= Jodie Gates =

American dance director and choreographer

Jodie Gates is a professional American dance director and choreographer. She is known for her career as a principal ballet dancer with the Joffrey Ballet, Pennsylvania Ballet and Ballet Frankfurt. In 2005, Gates founded the non-profit presenting organization, Laguna Dance Festival. In 2013, Gates was appointed Vice Dean of the Glorya Kaufman School of Dance at the University of Southern California, and oversaw the founding artistic vision of the Kaufman School. Currently, she is a professor of Dance and the Founding Director at University of Southern California's Glorya Kaufman School of Dance.

==Performing career==
Jodie Gates’ performing career began under the directorship of Robert Joffrey.
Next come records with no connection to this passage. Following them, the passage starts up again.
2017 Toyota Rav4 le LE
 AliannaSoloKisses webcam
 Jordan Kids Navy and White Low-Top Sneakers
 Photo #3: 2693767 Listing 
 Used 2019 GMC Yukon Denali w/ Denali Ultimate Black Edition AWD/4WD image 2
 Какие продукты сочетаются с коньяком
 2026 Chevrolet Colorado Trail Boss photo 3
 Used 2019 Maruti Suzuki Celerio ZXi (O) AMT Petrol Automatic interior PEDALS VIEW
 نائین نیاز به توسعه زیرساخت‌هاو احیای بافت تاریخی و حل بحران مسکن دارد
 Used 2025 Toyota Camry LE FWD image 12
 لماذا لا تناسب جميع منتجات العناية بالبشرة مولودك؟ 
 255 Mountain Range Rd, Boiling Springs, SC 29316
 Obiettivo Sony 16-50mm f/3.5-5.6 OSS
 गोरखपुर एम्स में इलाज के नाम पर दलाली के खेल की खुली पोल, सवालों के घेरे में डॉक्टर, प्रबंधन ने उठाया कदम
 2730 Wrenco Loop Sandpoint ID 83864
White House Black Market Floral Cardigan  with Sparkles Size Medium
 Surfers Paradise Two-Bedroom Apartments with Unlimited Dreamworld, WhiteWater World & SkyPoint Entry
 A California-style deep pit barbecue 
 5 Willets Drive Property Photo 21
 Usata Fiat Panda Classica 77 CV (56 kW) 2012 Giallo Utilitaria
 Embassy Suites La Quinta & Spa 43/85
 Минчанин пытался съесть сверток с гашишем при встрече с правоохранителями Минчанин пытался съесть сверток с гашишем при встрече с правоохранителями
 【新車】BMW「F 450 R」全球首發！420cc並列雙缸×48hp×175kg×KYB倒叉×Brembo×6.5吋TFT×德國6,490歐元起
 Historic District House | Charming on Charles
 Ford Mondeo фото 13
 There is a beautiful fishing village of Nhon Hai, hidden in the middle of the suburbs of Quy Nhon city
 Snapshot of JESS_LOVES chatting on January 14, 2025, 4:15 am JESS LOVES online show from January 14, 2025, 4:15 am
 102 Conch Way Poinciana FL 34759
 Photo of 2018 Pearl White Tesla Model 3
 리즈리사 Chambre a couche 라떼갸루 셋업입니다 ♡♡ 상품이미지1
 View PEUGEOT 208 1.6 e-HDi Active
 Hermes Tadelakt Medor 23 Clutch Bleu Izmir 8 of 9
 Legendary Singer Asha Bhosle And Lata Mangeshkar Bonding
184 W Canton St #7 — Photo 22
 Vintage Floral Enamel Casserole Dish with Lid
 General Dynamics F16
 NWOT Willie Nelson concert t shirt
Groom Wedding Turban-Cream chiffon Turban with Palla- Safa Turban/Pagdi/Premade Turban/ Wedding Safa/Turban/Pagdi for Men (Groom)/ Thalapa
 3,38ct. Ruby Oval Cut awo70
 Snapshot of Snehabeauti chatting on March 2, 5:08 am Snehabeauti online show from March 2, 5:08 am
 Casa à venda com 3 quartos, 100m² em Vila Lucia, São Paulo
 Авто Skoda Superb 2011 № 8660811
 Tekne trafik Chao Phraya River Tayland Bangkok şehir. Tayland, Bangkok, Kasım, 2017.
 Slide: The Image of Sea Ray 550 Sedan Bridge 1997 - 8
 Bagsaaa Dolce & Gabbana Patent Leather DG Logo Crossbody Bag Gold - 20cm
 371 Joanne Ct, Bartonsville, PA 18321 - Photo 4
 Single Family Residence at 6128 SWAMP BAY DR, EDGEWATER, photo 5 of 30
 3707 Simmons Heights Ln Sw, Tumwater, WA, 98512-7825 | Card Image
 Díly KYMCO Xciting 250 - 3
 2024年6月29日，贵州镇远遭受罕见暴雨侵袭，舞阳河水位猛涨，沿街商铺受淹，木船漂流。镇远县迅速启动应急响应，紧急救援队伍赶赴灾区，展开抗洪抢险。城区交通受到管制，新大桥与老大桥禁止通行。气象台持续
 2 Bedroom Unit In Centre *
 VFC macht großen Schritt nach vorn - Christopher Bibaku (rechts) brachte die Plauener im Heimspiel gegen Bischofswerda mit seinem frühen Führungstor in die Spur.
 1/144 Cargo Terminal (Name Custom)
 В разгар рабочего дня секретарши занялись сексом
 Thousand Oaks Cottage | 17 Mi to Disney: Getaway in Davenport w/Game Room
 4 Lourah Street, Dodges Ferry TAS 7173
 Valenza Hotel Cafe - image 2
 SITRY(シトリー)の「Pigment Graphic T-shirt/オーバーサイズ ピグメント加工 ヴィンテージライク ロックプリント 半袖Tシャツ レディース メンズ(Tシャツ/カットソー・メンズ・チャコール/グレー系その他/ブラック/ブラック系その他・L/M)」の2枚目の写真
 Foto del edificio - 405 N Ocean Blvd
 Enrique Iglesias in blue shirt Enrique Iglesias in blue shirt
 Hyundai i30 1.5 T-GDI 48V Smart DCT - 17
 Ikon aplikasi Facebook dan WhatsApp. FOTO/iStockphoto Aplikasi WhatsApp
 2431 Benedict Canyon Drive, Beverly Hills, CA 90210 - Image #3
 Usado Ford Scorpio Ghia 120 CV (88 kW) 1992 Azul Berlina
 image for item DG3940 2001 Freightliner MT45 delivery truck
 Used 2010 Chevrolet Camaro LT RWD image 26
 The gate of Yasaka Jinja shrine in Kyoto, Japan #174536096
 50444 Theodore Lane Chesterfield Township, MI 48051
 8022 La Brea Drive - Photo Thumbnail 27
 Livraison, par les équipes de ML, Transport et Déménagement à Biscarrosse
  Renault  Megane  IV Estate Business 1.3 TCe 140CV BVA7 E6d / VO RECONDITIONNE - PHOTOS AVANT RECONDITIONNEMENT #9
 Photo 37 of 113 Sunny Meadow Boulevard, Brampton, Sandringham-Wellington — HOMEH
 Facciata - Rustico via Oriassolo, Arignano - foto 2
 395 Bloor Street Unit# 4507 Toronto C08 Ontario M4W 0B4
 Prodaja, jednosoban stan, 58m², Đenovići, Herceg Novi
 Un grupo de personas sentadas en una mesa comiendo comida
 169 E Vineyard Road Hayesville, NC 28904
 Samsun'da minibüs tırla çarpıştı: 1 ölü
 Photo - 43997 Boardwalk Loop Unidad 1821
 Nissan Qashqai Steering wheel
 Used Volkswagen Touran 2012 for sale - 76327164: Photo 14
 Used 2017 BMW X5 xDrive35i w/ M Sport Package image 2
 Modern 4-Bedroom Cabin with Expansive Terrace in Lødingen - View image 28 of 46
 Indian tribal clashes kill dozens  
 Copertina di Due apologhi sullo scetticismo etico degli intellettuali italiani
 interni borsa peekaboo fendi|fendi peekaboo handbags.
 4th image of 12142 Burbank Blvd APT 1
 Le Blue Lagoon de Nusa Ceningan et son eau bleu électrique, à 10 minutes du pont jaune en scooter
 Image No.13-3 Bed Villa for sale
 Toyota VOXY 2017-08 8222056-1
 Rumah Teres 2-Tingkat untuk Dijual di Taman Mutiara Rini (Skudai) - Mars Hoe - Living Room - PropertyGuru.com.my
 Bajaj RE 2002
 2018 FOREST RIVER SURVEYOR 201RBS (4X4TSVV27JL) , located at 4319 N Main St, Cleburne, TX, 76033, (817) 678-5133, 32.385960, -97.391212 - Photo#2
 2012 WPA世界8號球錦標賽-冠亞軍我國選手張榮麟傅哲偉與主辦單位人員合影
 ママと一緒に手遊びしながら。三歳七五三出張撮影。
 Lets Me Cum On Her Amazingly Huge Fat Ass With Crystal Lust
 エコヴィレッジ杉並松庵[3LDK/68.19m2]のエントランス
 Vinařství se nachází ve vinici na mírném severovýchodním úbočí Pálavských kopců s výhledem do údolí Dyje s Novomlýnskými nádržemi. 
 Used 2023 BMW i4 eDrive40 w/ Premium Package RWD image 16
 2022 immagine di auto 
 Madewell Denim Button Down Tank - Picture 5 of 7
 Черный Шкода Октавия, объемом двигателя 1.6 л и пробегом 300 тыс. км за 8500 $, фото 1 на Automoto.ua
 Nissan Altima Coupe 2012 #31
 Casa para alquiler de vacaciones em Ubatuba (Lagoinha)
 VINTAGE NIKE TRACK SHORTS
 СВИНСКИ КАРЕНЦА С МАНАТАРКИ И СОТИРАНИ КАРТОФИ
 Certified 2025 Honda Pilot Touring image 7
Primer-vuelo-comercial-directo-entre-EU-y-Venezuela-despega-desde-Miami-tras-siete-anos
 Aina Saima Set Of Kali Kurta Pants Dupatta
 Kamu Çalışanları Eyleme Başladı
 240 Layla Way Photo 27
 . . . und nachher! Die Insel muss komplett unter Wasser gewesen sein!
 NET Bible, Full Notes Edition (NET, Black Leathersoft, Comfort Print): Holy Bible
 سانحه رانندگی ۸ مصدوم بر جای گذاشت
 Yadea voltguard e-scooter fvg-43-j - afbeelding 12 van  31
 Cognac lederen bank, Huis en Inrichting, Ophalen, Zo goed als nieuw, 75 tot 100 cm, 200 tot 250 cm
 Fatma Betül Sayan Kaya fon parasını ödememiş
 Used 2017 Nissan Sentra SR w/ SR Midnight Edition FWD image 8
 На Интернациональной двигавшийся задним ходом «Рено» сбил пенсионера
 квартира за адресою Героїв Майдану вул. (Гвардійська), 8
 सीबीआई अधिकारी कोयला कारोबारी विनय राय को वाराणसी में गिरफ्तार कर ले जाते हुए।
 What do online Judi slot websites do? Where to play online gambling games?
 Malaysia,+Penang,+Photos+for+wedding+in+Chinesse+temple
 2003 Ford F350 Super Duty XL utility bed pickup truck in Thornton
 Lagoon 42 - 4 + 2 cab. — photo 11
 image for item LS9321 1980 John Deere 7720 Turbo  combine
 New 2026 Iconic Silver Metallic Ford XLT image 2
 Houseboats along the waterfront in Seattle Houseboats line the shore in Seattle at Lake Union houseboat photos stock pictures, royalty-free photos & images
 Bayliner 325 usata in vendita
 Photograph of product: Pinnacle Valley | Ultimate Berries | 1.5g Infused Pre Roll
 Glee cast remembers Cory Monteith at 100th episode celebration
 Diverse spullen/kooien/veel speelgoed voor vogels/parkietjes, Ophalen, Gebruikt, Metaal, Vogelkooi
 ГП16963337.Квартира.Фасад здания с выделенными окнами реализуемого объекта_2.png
Gates danced professionally with the Joffrey Ballet company from 1981 to 1995, where she worked with a host of renowned choreographers, including Alonzo King, Agnes de Mille, Paul Taylor, William Forsythe, Martha Clarke and Mark Morris. Throughout her ballet career Gates danced with the Pennsylvania Ballet, Frankfurt Ballet, and was also a founding member of Complexions Contemporary Ballet.

==Choreography==
She has choreographed over 70 works classical ballet companies as well as contemporary ballet companies.

Gates' works include: Barely Silent premiered at The Joyce Theatre in New York City in January 2007, commissioned for Complexions Contemporary Ballet; Minor Loop for The Washington Ballet in June 2006; Momentary Play premiered in New York for Cedar Lake Contemporary Ballet in October 2005, now and again, premiered at the Joyce Theater and created for New York City Ballet in 2005; Three at a Time for the Laguna Dance Theater in 2005; In the Arms of Morpheus for the now-disbanded Phrenic New Ballet in Philadelphia in 2004; Somewhere/In-Between, created for the now-disbanded Ballet Pacifica in 2003; Por Ti, choreographed for the American Ballet Theatre's summer workshop in 2003; and an original work for Pennsylvania Ballet dancers in 2000.

==Non-profit organization==
In 2005, Gates founded the non-profit presenting organization, Laguna Dance Festival. The organization is active with bringing dance performances and educational opportunities to the community and is based in Laguna Beach, California.

==Academic career==
Jodie Gates worked as an associate professor of dance at the University of California Irvine from 2006 to 2013, when she was appointed to become the first Vice Dean and Director of the USC Kaufman School of Dance. Gates is the Founding Director of the University of Southern California's Glorya Kaufman School of Dance. She implemented the artistic vision of the new school and created a BFA dance curriculum. The curriculum has been named "The New Movement", and is a new hybrid model for dance education – exploring performance, choreography and research while immersing students in a dance conservatory environment and rigorous academic studies at USC.